> _PROBLEM_
Copy out exactly the lines beginning with the one that contains "Greenpeace Africa Calls" and ending at the last line of the listing, skipping any pictures.

> _DATA RECORDS_
——————————

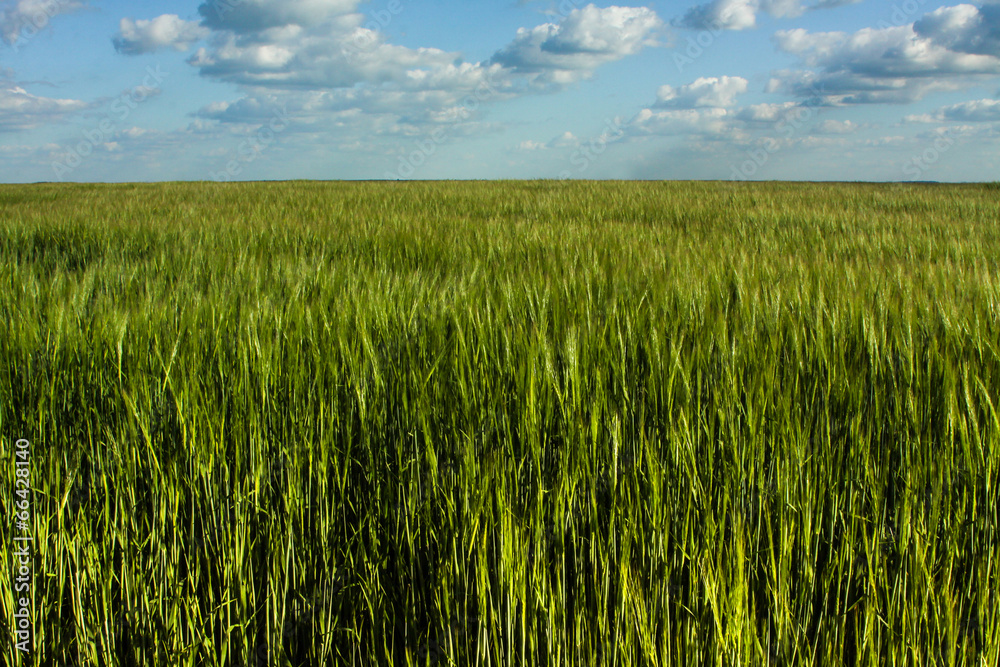 Green wheat field and cloud sky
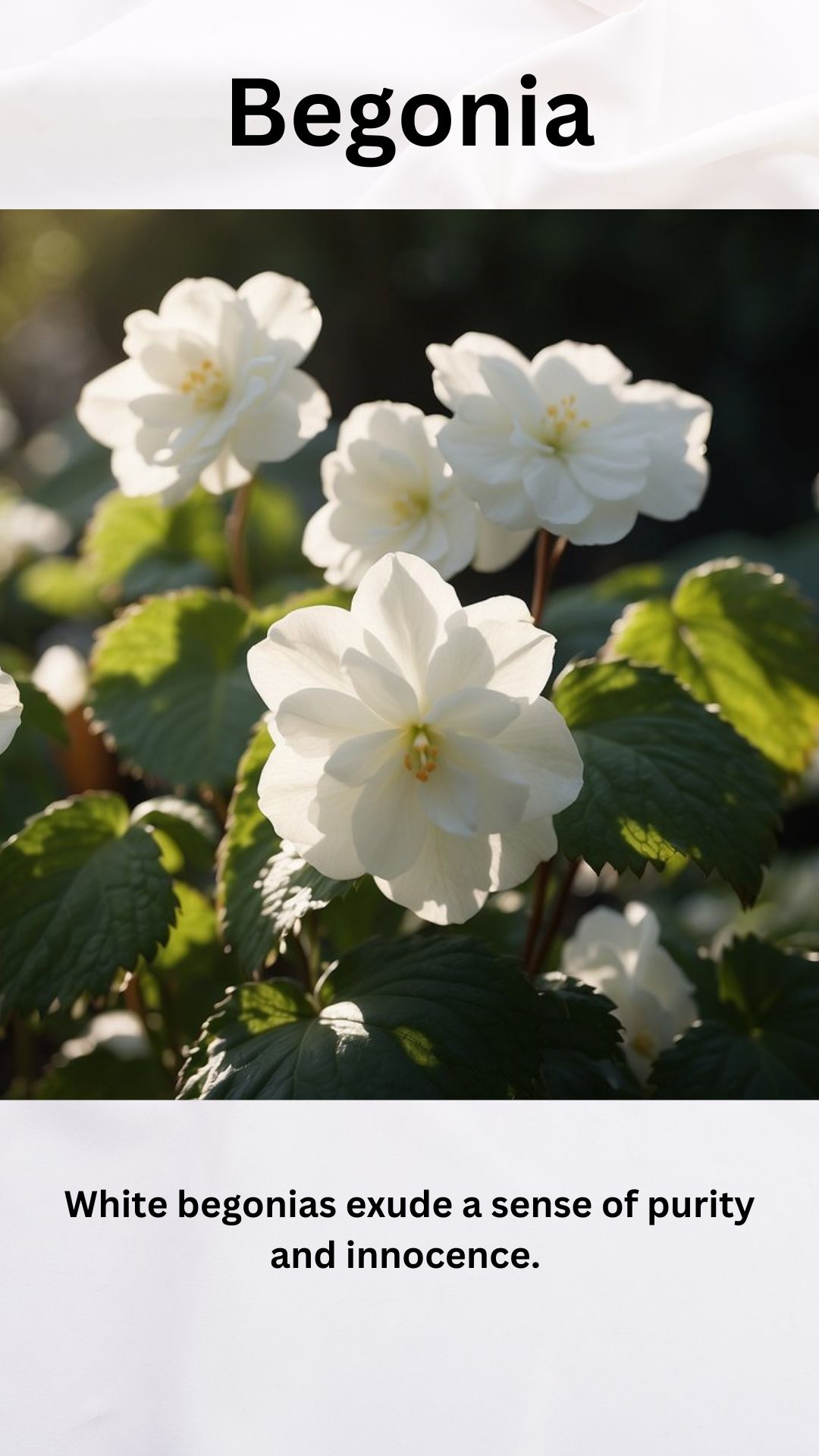 White Begonia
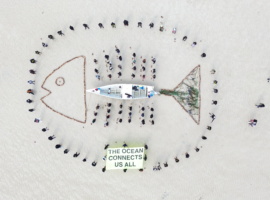 Greenpeace Africa Calls for Stronger Ocean Protection at UN Conference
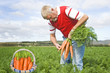 Foto: Proud carrot farmer picking fresh carrots in his basket Proud carrot farmer picking fresh carrots in his basket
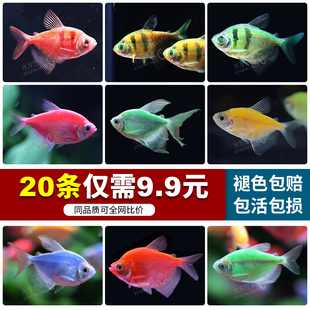 热带鱼长尾天使鱼七彩裙鱼活体玻璃淡水小型黑裙彩色观赏鱼宠物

——————————

> _RESPONSE_
 Greenpeace Africa Calls for Stronger Ocean Protection at UN Conference
 Foto: Proud carrot farmer picking fresh carrots in his basket Proud carrot farmer picking fresh carrots in his basket
 热带鱼长尾天使鱼七彩裙鱼活体玻璃淡水小型黑裙彩色观赏鱼宠物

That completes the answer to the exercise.